Chesapeake said two horizontal wells drilled in the Hogshooter play in the Anadarko Basin have produced more than 100,000 barrels of oil equivalent, or BOE, in the past month.
One well produced a combined 68,400 BOE in its first 13 days, including five days of testing, and the other well produced 57,000 BOE in its first 27 days, the company said.
Chesapeake owns about 30,000 net acres in the play, and it intends to drill at least 65 more wells in the area during the next few years, the company said.
We expect this new Hogshooter discovery to provide a significant boost to Chesapeake's focus on harvesting its existing assets for growth and value creation rather than on pursuing new leasehold, said CEO Aubrey K. McClendon.
The discovery could be a boost to the company, which is struggling with debt after acquiring millions of acres in shale leases throughout the country.
Chesapeake had previously announced it will have to sell billions of dollars in assets this year.

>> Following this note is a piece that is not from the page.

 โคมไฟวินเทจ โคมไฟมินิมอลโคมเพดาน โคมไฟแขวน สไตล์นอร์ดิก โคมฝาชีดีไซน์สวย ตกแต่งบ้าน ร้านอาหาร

In May, the company took out a $4 billion loan to remain liquid, amid falling natural-gas prices that are hurting revenue.

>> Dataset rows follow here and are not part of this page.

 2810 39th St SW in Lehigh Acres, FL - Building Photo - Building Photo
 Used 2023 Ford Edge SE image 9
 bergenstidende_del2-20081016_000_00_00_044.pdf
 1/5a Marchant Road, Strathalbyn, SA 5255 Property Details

McClendon said he hopes the Hogshooter discoveries will help the company financially: [T]his new Hogshooter development area should further enhance our growing liquids production, which we expect will have transformational effects on our company's operational and financial performance in the years ahead.
In Friday trading, Chesapeake stock closed down $1.32, or 7.81 percent, to $15.72. The price is down by more than 50 percent from its 52-week high of $35.75.